Sql-server – varchar storage and comparisons in SQL Server 2008

sql serversql-server-2008varchar

I have a large table with a structure similar to this:

Id       bigint primary key
Sequence int
Parent   int foreign key
Data1    varchar(20)
Data2    varchar(20)
Data3    varchar(20)
Data4    varchar(20)
Data5    varchar(20)

Data 1-5 are text fields (mostly numbers and dashes) and can be used to help prevent accidentally recording duplicates, but the data can actually duplicate occasionally. We have to let the user confirm that yes it's OK it's a duplicate.

This duplicate check can be time consuming with millions of rows. I've been tasked to ensure we can deal with tripling the amount of data we are keeping in this database. I've been told by previous developers that the current process will not work with that much data (there is of course a lot more going on with the data than I'm including here, and though the actual query for finding duplicates is pretty simple this part of the system is apparently sensitive to additional latency). I have not done experiments myself to prove this but I trust their judgement, and regardless I'd like to reduce the impact as much as possible. Unfortunately, I do not have a huge volume to test with until fairly late in the process. So while I have time I would like to try to be set up to test a few scenarios when I get a window of time on the test server.

All 5 fields must match to be counted as a duplicate. I'm skeptical that this could never change, but I'm being told that for the foreseeable future all 5 must match exactly. I'm thinking that by adding a indexed column that is a hash of the combined values, I will be able to find potential duplicates much faster. I would still have to compare the individual values to account for hash collisions though. Would I gain anything by combining the values themselves too? So a hash column, and a single column with all 5 values in a delimited string that I use to compare rather than compare each value separately?

It seems like I would only benefit if varchars are not stored with the rest of the row, which I always assumed they were. However that doesn't seem to be the case. I'm having a hard time finding specific information, but it seems that if my row is less than 8060 bytes, the full 20 characters will be allocated in the row. Only if the row is over 8060 will some varchar columns be chose to move into a separate page.
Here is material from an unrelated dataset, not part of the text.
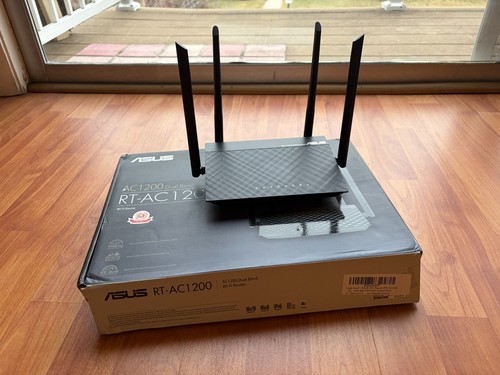 Asus ac1200 dual band - rt-ac1200,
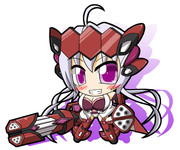 クリス（VerAXZ）デフォ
Any documentation that explains how small varchars are stored, and any suggestions regarding whether or not combining the columns into a single column will have a performance impact would be much appreciated.

EDIT:
This table will have millions of rows (say 10 million for an estimate). Each row will definitely have a maximum length of less than 8060 bytes, though I can't give you an exact number right now.

Best Answer

Add a persistent calculated field that contains a CHECKSUM on the 5 fields, and use that to perform the comparisons.

The CHECKSUM field will be unique for that specific combination of fields, and is stored as an INT that results in a much easier target for comparisons in a WHERE clause.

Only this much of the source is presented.